Athletically, Jordan has been a member of the GCHS Cross Country team since she was a freshman.
She is a member of Stoney Branch Missionary Baptist Church.
Outside of school and church, Jordan is also gainfully employed as an administrative assistant at Hertford County Board of Elections. She also was a poll worker during the November 2020 election.
“In my opinion, the election of 2020 was one of the most pivotal moments in American history,” she stressed. “Although I was too young to vote, I was determined to contribute to the voting process in some way. I began working as an administrative assistant and poll worker at the Hertford County Board of Elections office in early October. I gained invaluable insight into the inner-workings of the election process.
“Beyond the live events that flood television screens on election day, I now have a genuine appreciation for how much work is required behind the scenes, both before and after November 3rd,” she added.
Jordan is the granddaughter of Glenn and Lorraine Mitchell of Ahoskie, Jacqueline Jefferson of Ahoskie, Otis Jefferson of Ahoskie, Phyllis Kent of Gates, and William Kent of Virginia Beach, VA. She credits her parents and other family members for the values they instilled in her as well as emphasizing the importance of hard work.

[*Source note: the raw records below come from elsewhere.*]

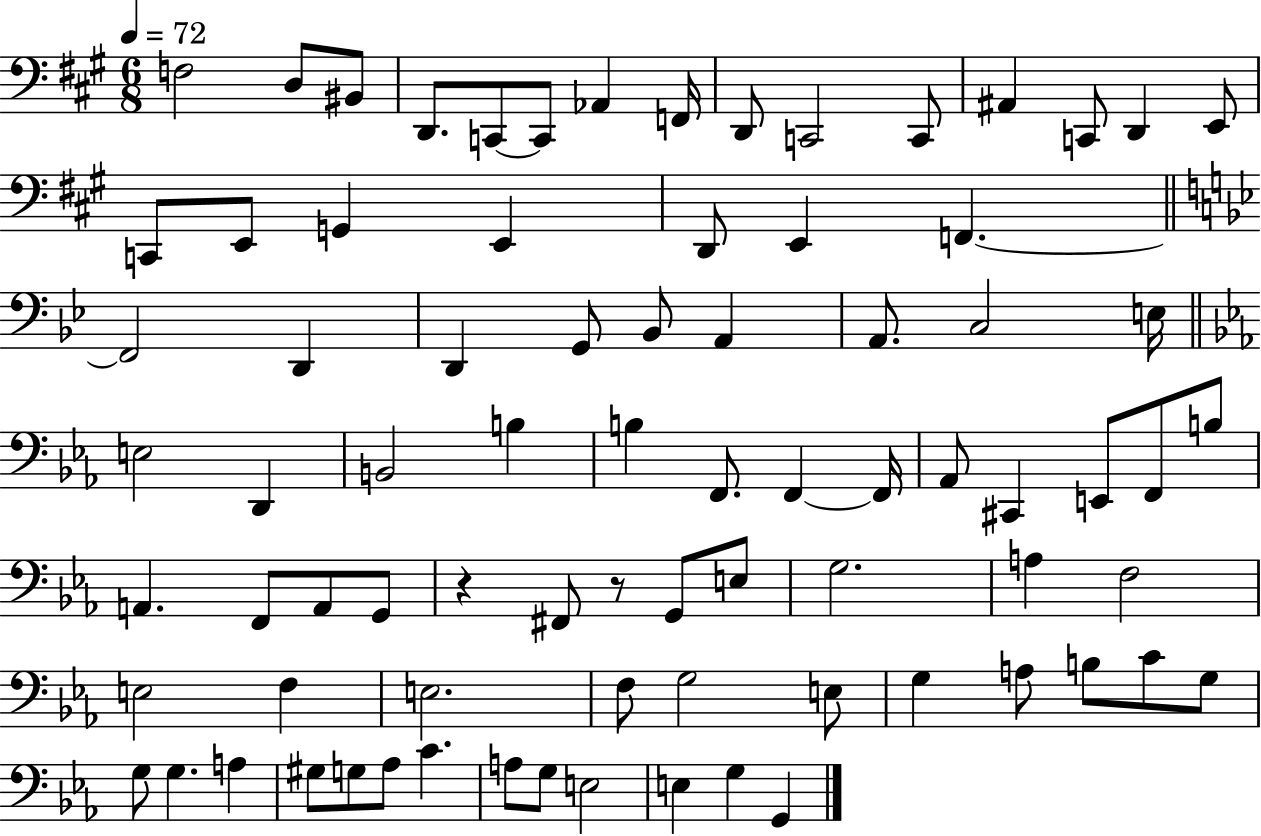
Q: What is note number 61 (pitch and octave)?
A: G3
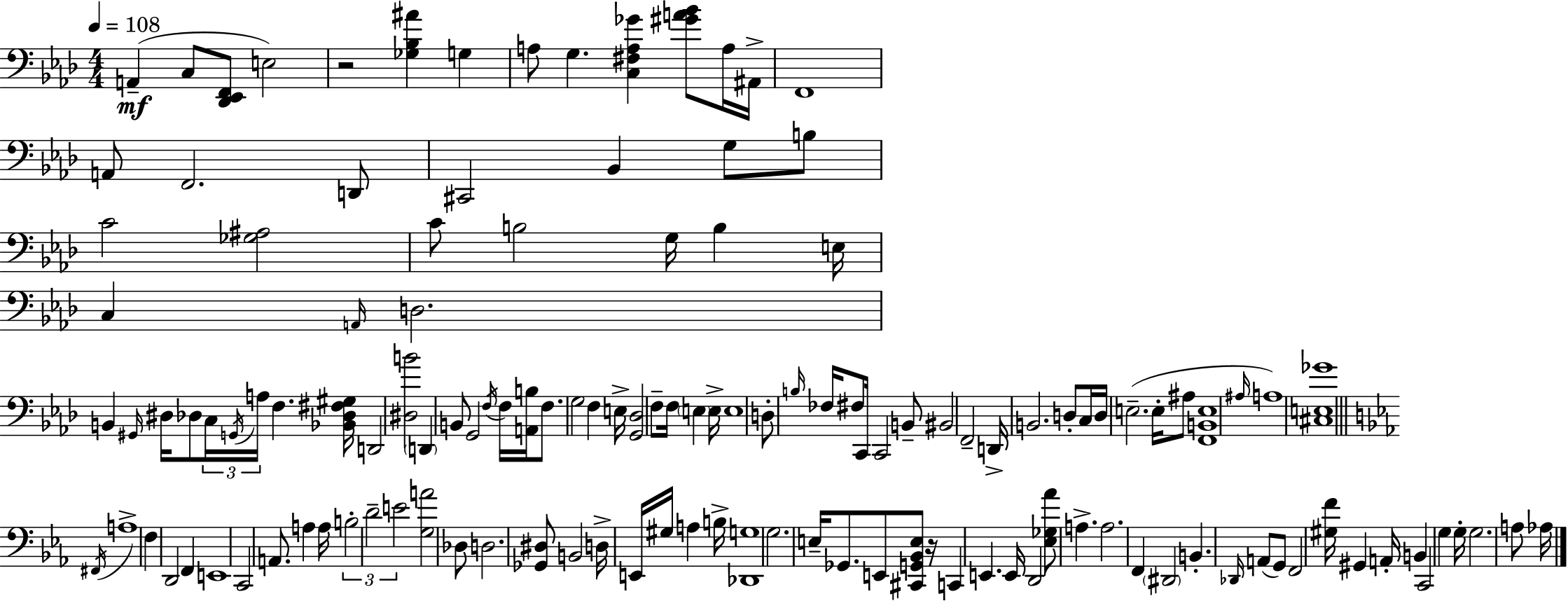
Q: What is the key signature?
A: F minor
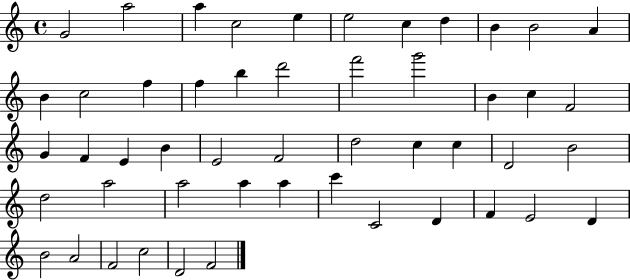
G4/h A5/h A5/q C5/h E5/q E5/h C5/q D5/q B4/q B4/h A4/q B4/q C5/h F5/q F5/q B5/q D6/h F6/h G6/h B4/q C5/q F4/h G4/q F4/q E4/q B4/q E4/h F4/h D5/h C5/q C5/q D4/h B4/h D5/h A5/h A5/h A5/q A5/q C6/q C4/h D4/q F4/q E4/h D4/q B4/h A4/h F4/h C5/h D4/h F4/h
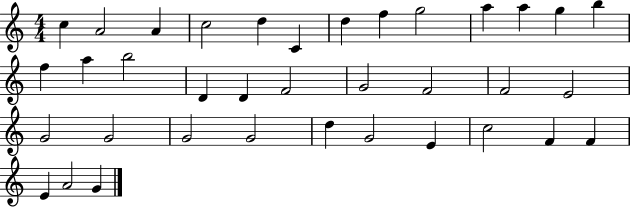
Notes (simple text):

C5/q A4/h A4/q C5/h D5/q C4/q D5/q F5/q G5/h A5/q A5/q G5/q B5/q F5/q A5/q B5/h D4/q D4/q F4/h G4/h F4/h F4/h E4/h G4/h G4/h G4/h G4/h D5/q G4/h E4/q C5/h F4/q F4/q E4/q A4/h G4/q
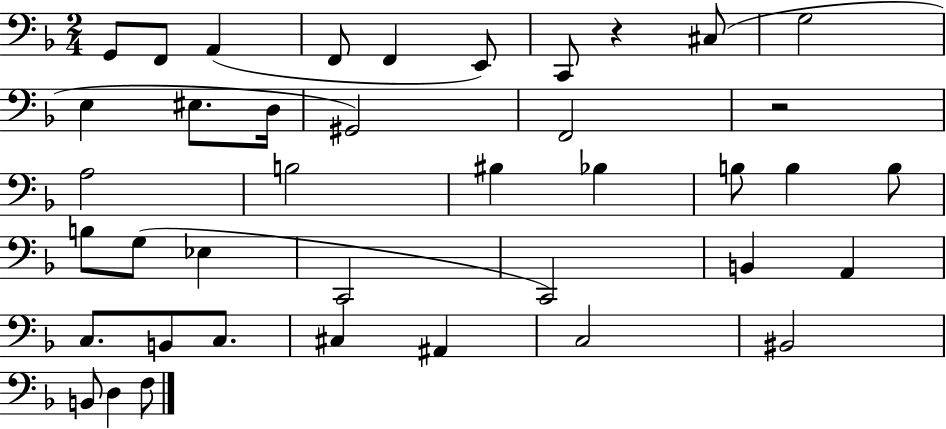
X:1
T:Untitled
M:2/4
L:1/4
K:F
G,,/2 F,,/2 A,, F,,/2 F,, E,,/2 C,,/2 z ^C,/2 G,2 E, ^E,/2 D,/4 ^G,,2 F,,2 z2 A,2 B,2 ^B, _B, B,/2 B, B,/2 B,/2 G,/2 _E, C,,2 C,,2 B,, A,, C,/2 B,,/2 C,/2 ^C, ^A,, C,2 ^B,,2 B,,/2 D, F,/2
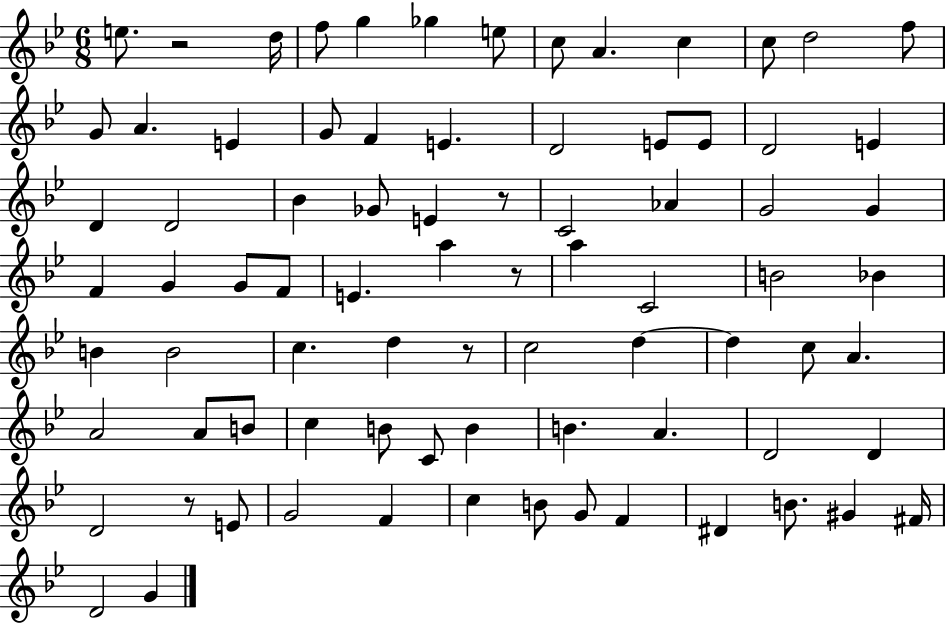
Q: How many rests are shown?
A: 5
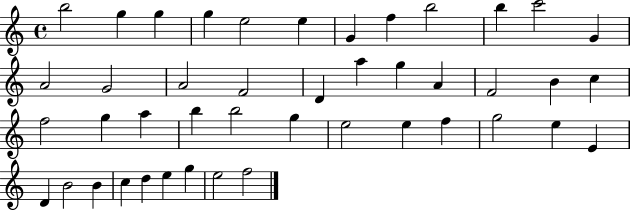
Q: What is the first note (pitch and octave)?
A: B5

“I hope to inspire others to reach for the stars and to not be limited by the environment from which they come,” Jordan remarked. “I would like to challenge them to advocate for their own education and to use whatever resources they have available to their fullest potential.”
She continued by saying, “I know the importance of trailblazing as it is inherently found throughout life. It is important to dare to take the path less-traveled in order to accomplish unlikely goals. My intention was to prove to myself, and others, that students from rural communities can succeed in academic endeavors thought to be reserved for urban areas.”
Jordan encouraged others from rural areas to dream big.
“We need to realize that we all possess limitless opportunities if we are brave enough to explore them. It’s really not about my accomplishments, it’s about the impactful achievements that countless rural community students have contributed and will continue to contribute, to a world that should pride itself on social diversity and differing perspectives,” she concluded.